IN THE UNITED STATES DISTRICT COURT FOR THE WESTERN DISTRICT OF PENNSYLVANIA
December 11, 2007
EMCORE CORPORATION, AND JDS UNIPHASE CORPORATION, PLAINTIFFS,
OPTIUM CORPORATION, DEFENDANT.
The opinion of the court was delivered by: Ambrose, Chief District Judge.
MEMORANDUM OPINION and ORDER
Defendant, Optium Corporation, filed a Motion to Compel Plaintiffs, EMCORE Corporation and JDS Uniphase Corporation, to immediately produce "fifty-seven improperly withheld items*fn1 created by or provided to Plaintiffs' testifying technical expert witness David A. Smith ("Dr. Smith")." (Docket No. 168). Specifically, Defendant asserts that it is entitled to all materials Dr. Smith generated or reviewed in connection with the formulation of his opinion. Id. In opposition, Plaintiffs argue that Dr. Smith was first retained as a consulting expert before becoming their testifying expert. (Docket No. 178, p. 1). As a result, Plaintiffs argue that any information used by Dr. Smith as a consultant only is protected by the work product doctrine. Id. Further, Plaintiffs state that the documents sought by Defendant relate to Dr. Smith's consultant role and "have no connection to his opinions offered in this case, as they were prepared or reviewed outside his role as a testifying expert on issues of invalidity and infringement - some of them nearly a year before the claim construction ruling." Id. at 1-2.

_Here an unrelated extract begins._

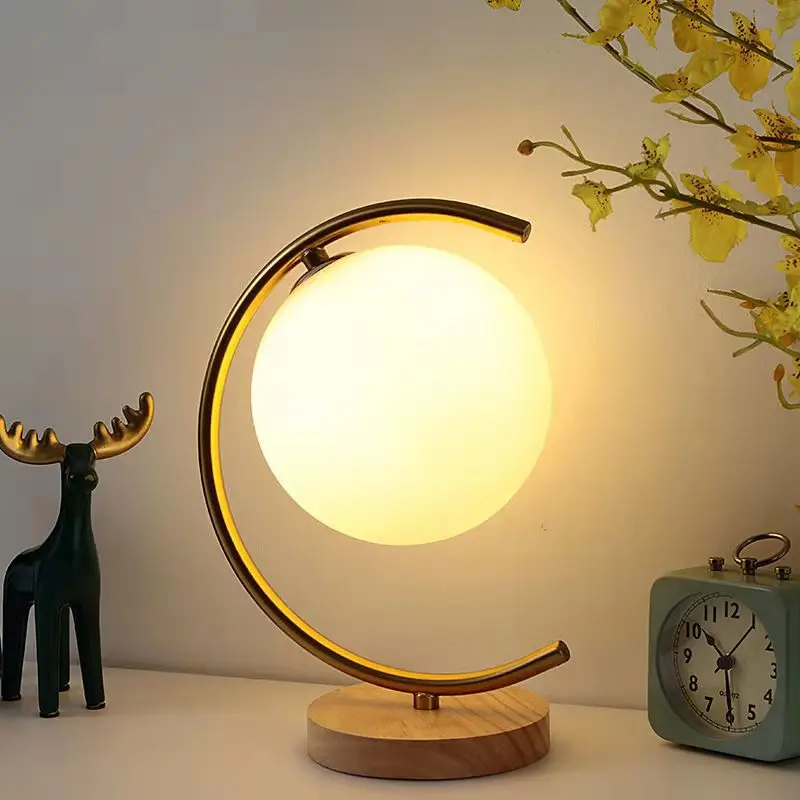 

LED Semicircle Table Lamp Modern Golden Wooden Glass Desk Light for Living Room Bedroom Bedside Office Study Reading Indoor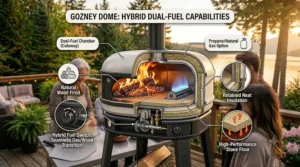 Technical illustration showing the wood and gas hybrid fuel options of a Gozney pizza oven.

Rule 26(a)(2)(B) of the Federal Rules of Civil Procedure provides that a testifying expert's report must contain, inter alia, "the data or other information considered by the witness in forming them...." Rule 26(a)(2)(B) does not limit the report to data or information relied upon in forming his report, but rather the rule specifically states data or information "considered." Id.; Schwab v. Philip Morris USA, Inc., 2006 WL 721368 *2 (E.D. N.Y. March 20, 2006).
The [expert] report is to disclose the data and other information considered by the expert and any exhibits or charts that summarize or support the expert's opinions. Given this obligation of disclosure, litigants should no longer be able to argue that material furnished to their experts to be used in forming their opinions - whether or not ultimately relied upon by the expert - are privileged or otherwise protected from disclosure when such persons are testifying or being deposed.
F.R.C.P. 26(a)(2), Advisory Committee Note. An expert can be both a testifying expert (subject to disclosure) and a consulting expert (not subject to disclosure). See, Schwab, 2006 WL 721268 at *2; B.C.F. Oil Ref. Inc. v. Consol. Edison Co., 171 F.R.D. 57, 61 (S.D. N.Y. 1997). In such cases, however, "a court may deem the party to have waived the work product protection" associated with the consulting expert." David M. Greenwald, Edward F. Malone, and Robert R. Stauffer, Testimonial Privileges §2:28 (3d ed. 2007). Thus, "[t]he party resisting disclosure bears the burden of showing that an expert did not consider certain documents informing his opinion; this burden cannot generally be satisfied by the expert's representations alone." See, Schwab, 2006 WL 721368 at *3. "The burden is met when the documents could not have been considered by the expert in forming his opinion, as when they are reviewed by the experts only after he has testified.... It can also be met when the party opposing disclosure presents the court 'with affidavits and deposition testimony 'clearly establishing' that the testifying witness never read, reviewed, or considered the subject documents in forming his opinions.'" Id., quoting United States Fidelity & Guar. Co. v. Braspertro Oil Servs. Co., 2002 WL 15652 *7 (S.D.N.Y. Jan. 7, 2002). This can be a difficult task because the roles can often be blurred. Id. If a document is reviewed by an expert acting in his consultant role that also informs his expert report, the document is discoverable. Id. Any doubts should be resolved in favor of the party seeking the discovery. Id.
In this case, Plaintiffs' argument is that the evidence sought to be discovered was all material written by or reviewed by Dr. Smith as a consultant and prior to him becoming a testifying expert. (Docket No. 178). However, it is not so clear when Dr. Smith became a testifying expert. (Docket No. 175, pp. 5-6). Furthermore, contrary to Plaintiffs' contention, I find that information necessary for claims construction bears some relation and can inform validity and infringement testimony. Since there is ambiguity as what role Dr. Smith was playing when he reviewed the subject documents and because there is a relationship between information considered during the claims construction stage and the validity / infringement stage, I find that the discovery sought should be produced.
THEREFORE, this 11th day of December, 2007, it is ordered that Defendant's Motion to Compel (Docket No. 168) is granted, and Plaintiffs are to produce the subject discovery within seven (7) days of the date of this order.